» **WORK TO COMPLETE**: What you give back must match the records below exactly.

» **RECORDED DATA**:
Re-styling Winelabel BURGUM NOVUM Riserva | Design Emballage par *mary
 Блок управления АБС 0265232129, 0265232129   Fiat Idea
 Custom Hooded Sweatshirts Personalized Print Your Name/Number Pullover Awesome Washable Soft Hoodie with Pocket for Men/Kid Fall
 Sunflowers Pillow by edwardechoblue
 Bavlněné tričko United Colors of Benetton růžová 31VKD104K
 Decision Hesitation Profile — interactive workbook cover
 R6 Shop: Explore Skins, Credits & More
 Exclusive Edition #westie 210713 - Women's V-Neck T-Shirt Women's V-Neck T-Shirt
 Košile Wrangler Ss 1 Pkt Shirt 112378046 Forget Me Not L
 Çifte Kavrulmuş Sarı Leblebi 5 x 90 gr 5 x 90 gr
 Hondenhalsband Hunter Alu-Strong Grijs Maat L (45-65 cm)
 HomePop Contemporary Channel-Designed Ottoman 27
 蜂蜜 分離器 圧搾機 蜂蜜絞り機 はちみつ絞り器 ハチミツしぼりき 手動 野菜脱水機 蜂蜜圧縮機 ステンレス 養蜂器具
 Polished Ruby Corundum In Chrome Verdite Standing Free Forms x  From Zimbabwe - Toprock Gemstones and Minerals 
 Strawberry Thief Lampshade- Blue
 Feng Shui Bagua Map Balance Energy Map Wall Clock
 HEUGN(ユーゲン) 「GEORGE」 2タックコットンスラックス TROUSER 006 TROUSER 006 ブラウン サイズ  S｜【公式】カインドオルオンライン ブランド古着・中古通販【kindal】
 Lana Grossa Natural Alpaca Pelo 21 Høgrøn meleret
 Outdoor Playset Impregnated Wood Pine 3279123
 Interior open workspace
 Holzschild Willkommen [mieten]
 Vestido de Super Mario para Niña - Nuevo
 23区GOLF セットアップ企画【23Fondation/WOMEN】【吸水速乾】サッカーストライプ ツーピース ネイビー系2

» **RESULT OF THE EXERCISE**:
Re-styling Winelabel BURGUM NOVUM Riserva | Design Emballage par *mary
 Блок управления АБС 0265232129, 0265232129   Fiat Idea
 Custom Hooded Sweatshirts Personalized Print Your Name/Number Pullover Awesome Washable Soft Hoodie with Pocket for Men/Kid Fall
 Sunflowers Pillow by edwardechoblue
 Bavlněné tričko United Colors of Benetton růžová 31VKD104K
 Decision Hesitation Profile — interactive workbook cover
 R6 Shop: Explore Skins, Credits & More
 Exclusive Edition #westie 210713 - Women's V-Neck T-Shirt Women's V-Neck T-Shirt
 Košile Wrangler Ss 1 Pkt Shirt 112378046 Forget Me Not L
 Çifte Kavrulmuş Sarı Leblebi 5 x 90 gr 5 x 90 gr
 Hondenhalsband Hunter Alu-Strong Grijs Maat L (45-65 cm)
 HomePop Contemporary Channel-Designed Ottoman 27
 蜂蜜 分離器 圧搾機 蜂蜜絞り機 はちみつ絞り器 ハチミツしぼりき 手動 野菜脱水機 蜂蜜圧縮機 ステンレス 養蜂器具
 Polished Ruby Corundum In Chrome Verdite Standing Free Forms x  From Zimbabwe - Toprock Gemstones and Minerals 
 Strawberry Thief Lampshade- Blue
 Feng Shui Bagua Map Balance Energy Map Wall Clock
 HEUGN(ユーゲン) 「GEORGE」 2タックコットンスラックス TROUSER 006 TROUSER 006 ブラウン サイズ  S｜【公式】カインドオルオンライン ブランド古着・中古通販【kindal】
 Lana Grossa Natural Alpaca Pelo 21 Høgrøn meleret
 Outdoor Playset Impregnated Wood Pine 3279123
 Interior open workspace
 Holzschild Willkommen [mieten]
 Vestido de Super Mario para Niña - Nuevo
 23区GOLF セットアップ企画【23Fondation/WOMEN】【吸水速乾】サッカーストライプ ツーピース ネイビー系2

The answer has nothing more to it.